# WORK INSTRUCTIONS
Only the lines below from the one containing "MB KFC2451-14 Flange Bearing" through the last line should be set down, exactly as written and with no pictures.
===
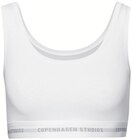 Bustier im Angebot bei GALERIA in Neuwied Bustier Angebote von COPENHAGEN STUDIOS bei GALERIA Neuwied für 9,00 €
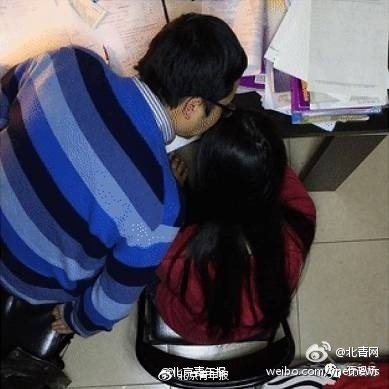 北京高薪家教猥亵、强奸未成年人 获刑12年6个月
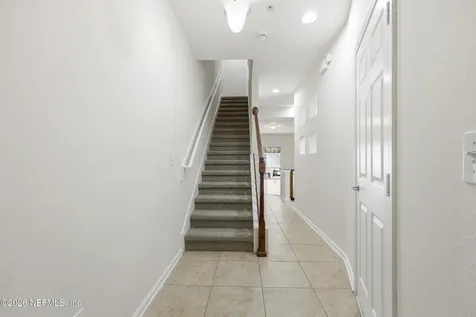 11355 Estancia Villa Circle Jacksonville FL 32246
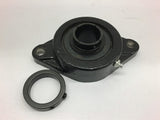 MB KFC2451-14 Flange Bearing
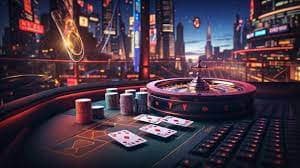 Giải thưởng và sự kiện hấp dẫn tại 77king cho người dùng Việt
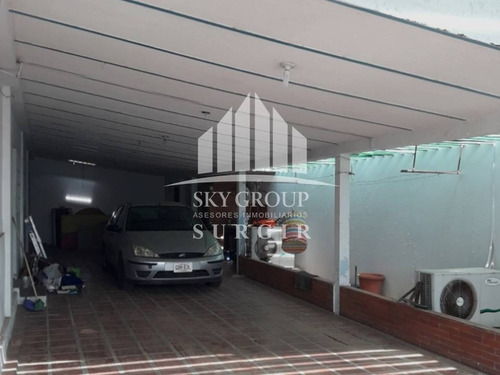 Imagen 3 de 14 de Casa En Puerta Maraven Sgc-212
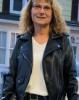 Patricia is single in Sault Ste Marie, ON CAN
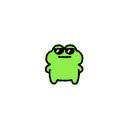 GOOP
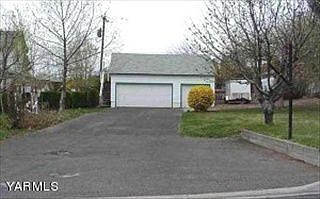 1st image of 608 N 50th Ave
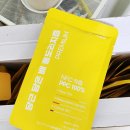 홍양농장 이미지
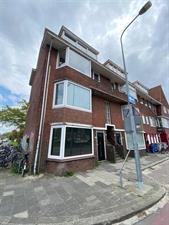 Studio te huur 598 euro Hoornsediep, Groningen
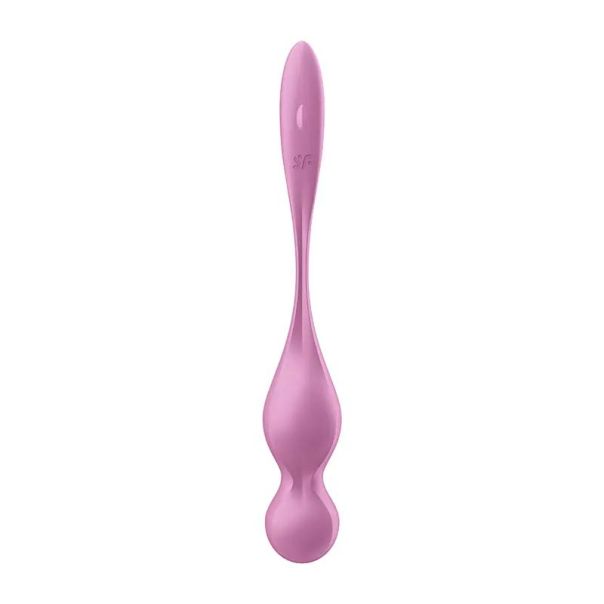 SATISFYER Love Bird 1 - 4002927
===
# RESULT FOR THIS EXERCISE
 MB KFC2451-14 Flange Bearing
 Giải thưởng và sự kiện hấp dẫn tại 77king cho người dùng Việt
 Imagen 3 de 14 de Casa En Puerta Maraven Sgc-212
 Patricia is single in Sault Ste Marie, ON CAN
 GOOP
 1st image of 608 N 50th Ave
 홍양농장 이미지
 Studio te huur 598 euro Hoornsediep, Groningen
 SATISFYER Love Bird 1 - 4002927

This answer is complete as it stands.